REVIEW: Avengers #675 Starts No Surrender in a Big Way (Maybe Too Big)

Avengers #675 marks the beginning of “No Surrender,” a 16-week event which sees all three books starring Marvel’s mightiest heroes folded into a single weekly title. The story brings together all of the current Avengers teams – the Uncanny, U.S. and adjectiveless versions, plus Hawkeye and Red Wolf’s Occupy Avengers – and the creative teams who were previously handling them into a single title, including writers Al Ewing, Mark Waid and Jim Zub.

RELATED: Avengers: No Surrender Rewrites Key Moments in Marvel History

It features just about every living hero who has ever responded to an “Assemble!” — there are 28 characters on the cast page, and that’s not a fully comprehensive list of everyone in these pages — and confronts them with an unprecedented global disaster.

In other words, this is a big comic, in just about every sense.

Even at 30 pages of story, the issue struggles to fit it all in. Among all the characters, all the explosions, all the structural damage to recognizable landmarks, it’s hard to find a single through line. The issue opens with Miguel Santos — formerly Living Lightning, but “just Lightning these days” — who also narrates the final scene. But Lightning doesn’t provide a consistent viewpoint character, or in fact appear in any of the intervening action.

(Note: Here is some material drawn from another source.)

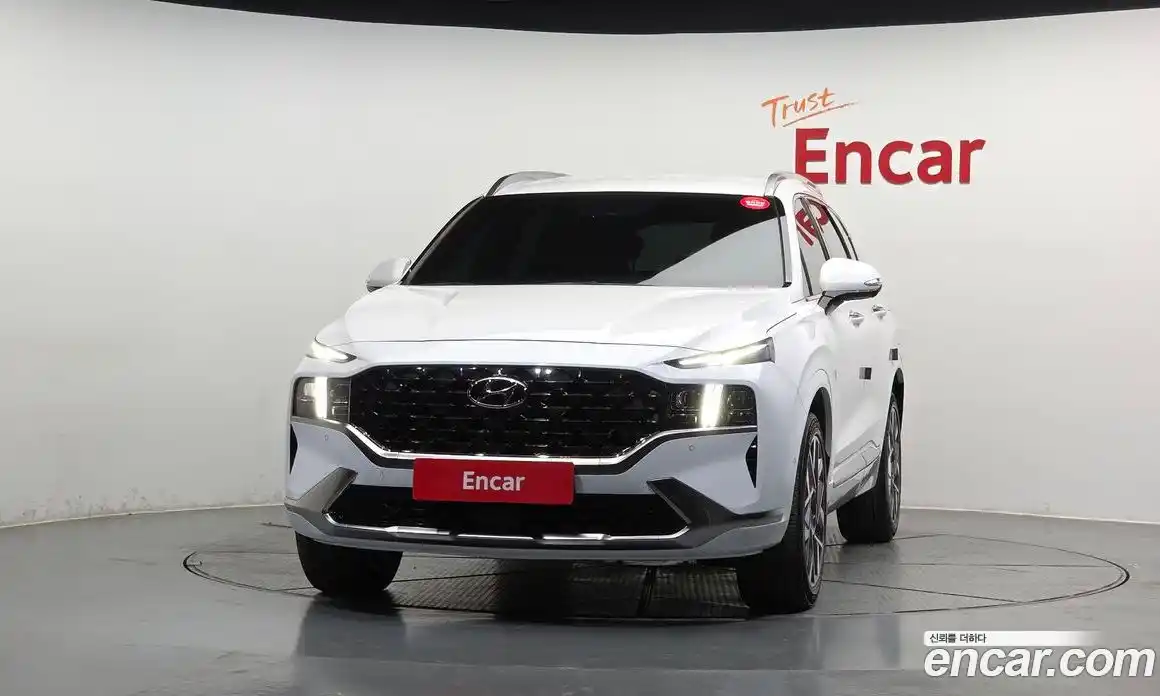 Hyundai Santa Fe 2023 2.5 гидро в Москве № 2049890, фото 3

Instead, we jump between clusters of heroes as they try to save the day as natural disasters break out across the world. Rogue and the Human Torch holding back a tidal wave in San Diego. Sunspot and his U.S. Avengers stopping Mount Vesuvius from erupting. The Wasp and Jarvis rescuing people in New York.

This is a good chance to see superheroes focused on saving lives rather than punching faces, but with no idea of what is behind the larger threat – namely, Earth and the moon being stolen from their normal corner of space, and being dropped somewhere else – it’s hard to get too invested in the action. These sequences are ably rendered by Pepe Larraz, in a style most reminiscent of Stuart Immonen’s Marvel work, but without the time to establish who is in danger or linger on any of the characters saving them, the stakes never feel as high as they should.

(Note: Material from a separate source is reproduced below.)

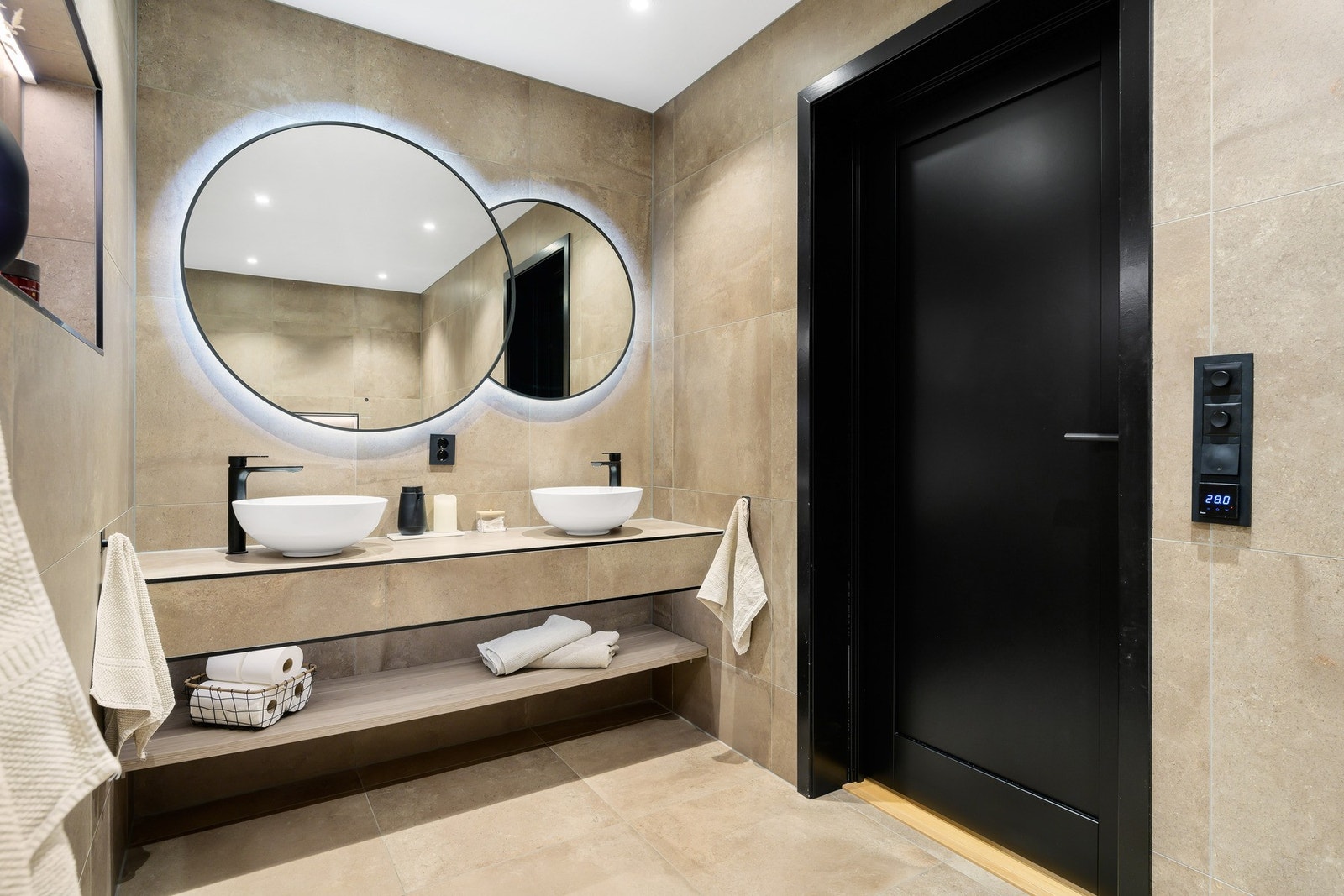 Badet er på 9,5 m². Galleribilde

What’s left, then, is an issue of scattered great moments. Captain Marvel floating in space, looking out at where the Earth used to be. A couple of romantic beats, both of them given over to same-sex couples. The issue’s last-page reveal, which would admittedly be more effective if it hadn’t been given away in the initial announcement of the event.

They don’t quite add up to a satisfying whole, but there’s plenty here for “No Surrender” to expand on over the next 15 weeks. With the inciting explosions out the way, hopefully the forthcoming issues can spend a little more time with some of its 28-strong cast.